Member Beck, Dissenting:

I disagree with my colleagues that the Assistants should be included in the bargaining unit.  In my view, these individuals are engaged in personnel work in other than a purely clerical capacity within the meaning of § 7112(b)(3) of the Statute.

For the reasons that I articulated in United States Department of Agriculture, Forest Service, Albuquerque Service Center, Human Capital Management, Albuquerque, New Mexico, 64 FLRA 239, 243 (2009) (Dep’t of Agric.) (Concurring Opinion of Member Beck), I do not believe that our current precedent concerning § 7112(b)(3) is consistent with the plain language of the Statute.  I also do not believe that the Authority has interpreted the exclusion for “personnel work” as broadly as was intended by Congress.  As a result, reconsideration of our precedent is warranted. 

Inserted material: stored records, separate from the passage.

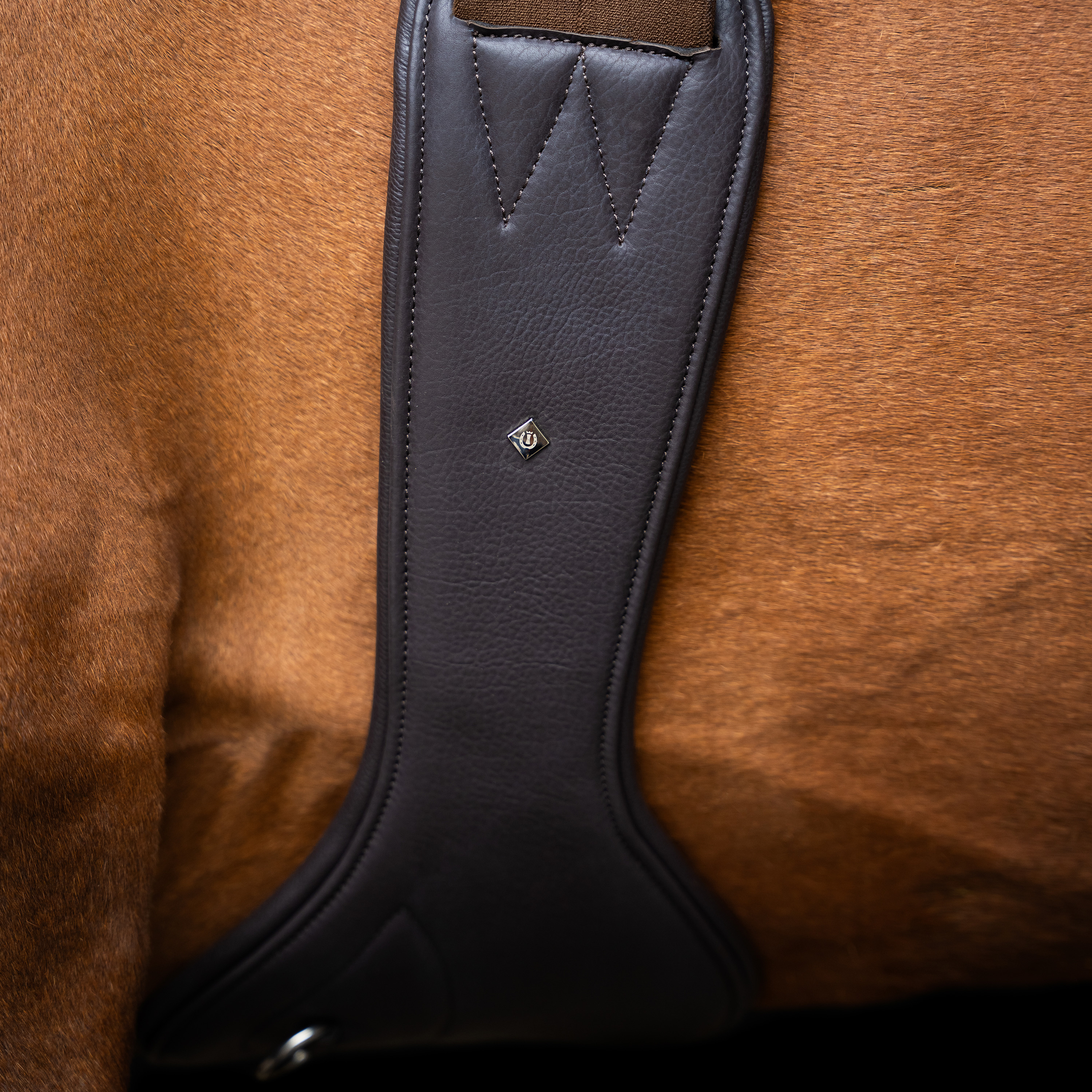 Imperial Riding Hoppgördel anatomisk med fjäderspännen - Mörkbrun - 2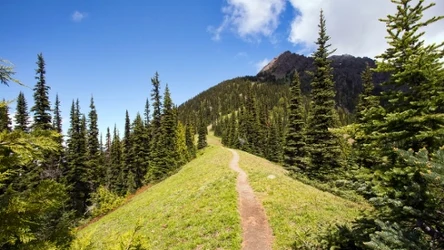 Gdzie warto wybrać się na jesienną wycieczkę w górach? Małe Pieniny są idealnym kandydatem. Zdj. ilustracyjne 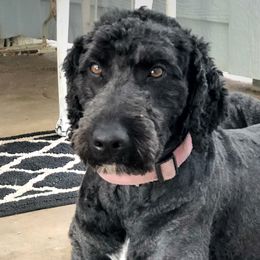 Sugar - Goldendoodle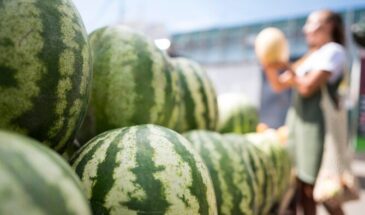 Российские ученые разрабатывают приложение для определения спелости фруктов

Section 7112(b)(3) excludes from a bargaining unit employees who are “engaged in personnel work in other than a purely clerical capacity.”  5 U.S.C. § 7112(b)(3) (emphasis added).  The term “clerical” is defined as “of or relating to a clerk,” and the term “clerk” is defined as “one employed to keep records or accounts or to perform general office work.”  Webster’s Seventh New Collegiate Dictionary 155 (1971) (Webster’s).  Moreover, the word “purely” is defined as “merely, solely.”  Id. at 693.  Based on these definitions, duties such as typing, processing paperwork, and filing are purely clerical.  In contrast, duties such as evaluating, advising, and recommending; assessing and classifying; and performing research and reviews clearly are not.  Yet, our precedent has erroneously found that employees performing these latter duties may not be excluded from a bargaining unit.  See, e.g., Dep’t of Agric., 64 FLRA at 243; Fed. Deposit Ins. Corp., S.F., Cal., 49 FLRA 1598, 1602 (1994) (FDIC). 

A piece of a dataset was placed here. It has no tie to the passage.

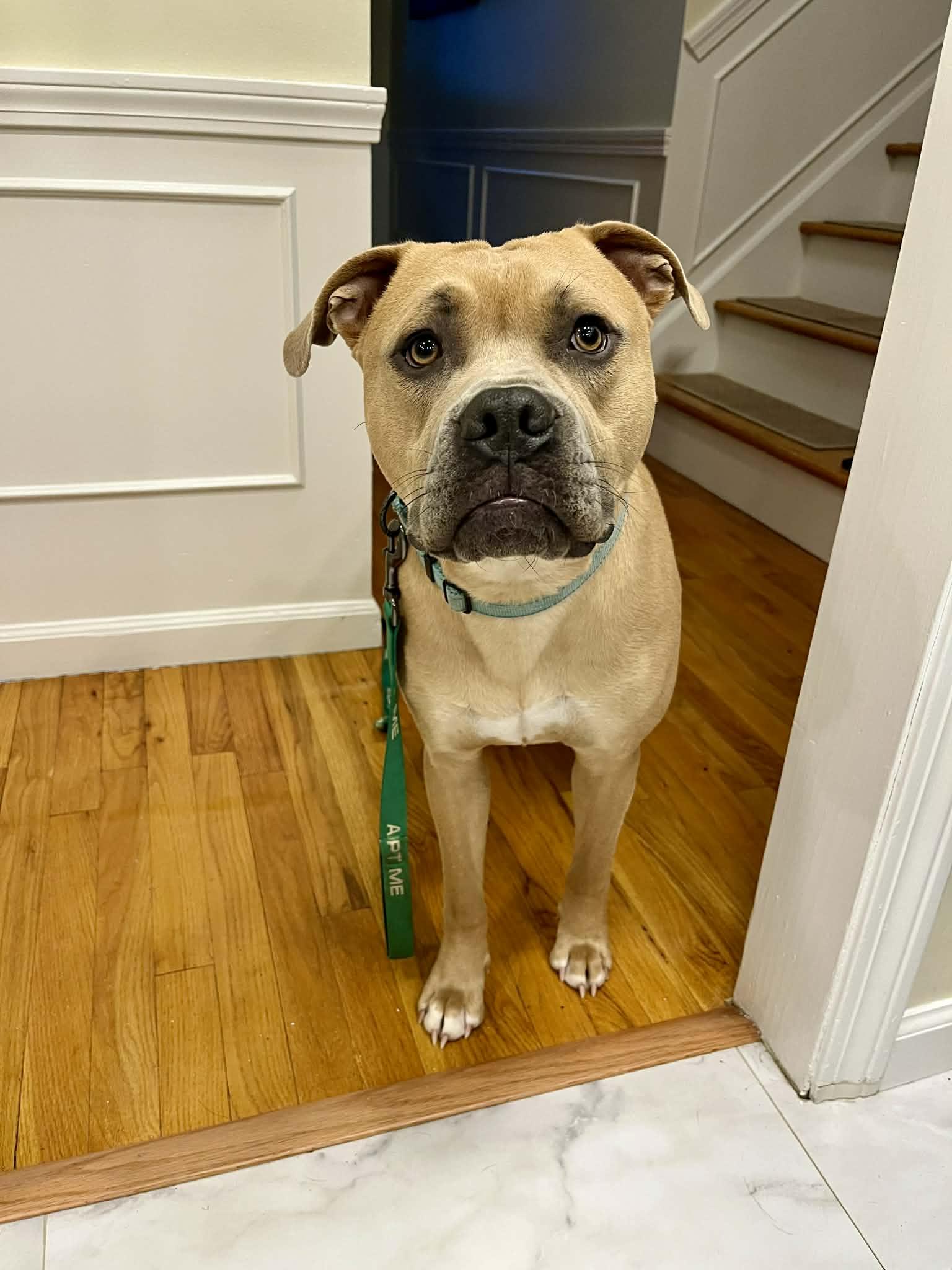 Newt , adoptable, Young Male Bulldog.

Indeed, in some instances in which the “personnel work” exclusion was invoked by an agency, the Authority has failed even to examine whether the duties performed were “purely clerical” in nature.  In such cases, the Authority simply concluded that employees were not excluded from the bargaining unit because the duties they performed were routine and did not require the exercise of  independent judgment and discretion.  See, e.g., U.S. Dep’t of Justice, Fed. Bureau of Prisons, U.S. Penitentiary, Marion, Ill., 55 FLRA 1243, 1247 (2000) (finding that employees did not exercise independent judgment and discretion without discussing whether employees’ duties, namely developing the training plan and counseling employees regarding training requirements, constituted purely clerical duties); Dep’t of the Treasury, Internal Revenue Serv., Wash., D.C. & Internal Revenue Serv., Cincinnati Dist., Cincinnati, Ohio, 36 FLRA 138, 144-45 (1990) (IRS) (upholding the RD’s determination that the employees performed their duties in a routine manner and were not required to exercise independent judgment and discretion in carrying out their duties without discussing whether their duties were purely clerical). 

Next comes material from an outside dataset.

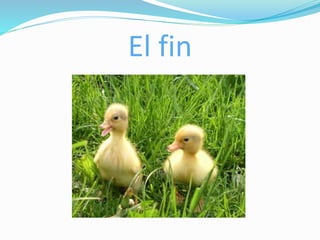 El fin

The Authority also has created too high a standard for determining whether the duties the employees perform are routine.  The word “routine” is defined as the “habitual or mechanical performance of an established procedure.”  Webster’s at 750.  Our precedent has concluded that duties are routine whenever employees, in performing such duties, rely on guidelines or regulations.  See, e.g., Dep’t of Agric., 64 FLRA at 241-42 (finding that duties were routine when employees performed those duties in accordance with established guidelines); IRS, 36 FLRA at 145 (determining that duties were routine when employees performed those duties in accordance with regulations and established guidelines).  But such analysis fails to consider the extent of the employee’s reliance on those guidelines and regulations.  Merely following by rote a pre-established checklist should be considered a routine duty; however, interpreting and analyzing various guidelines and regulations should not be considered routine. 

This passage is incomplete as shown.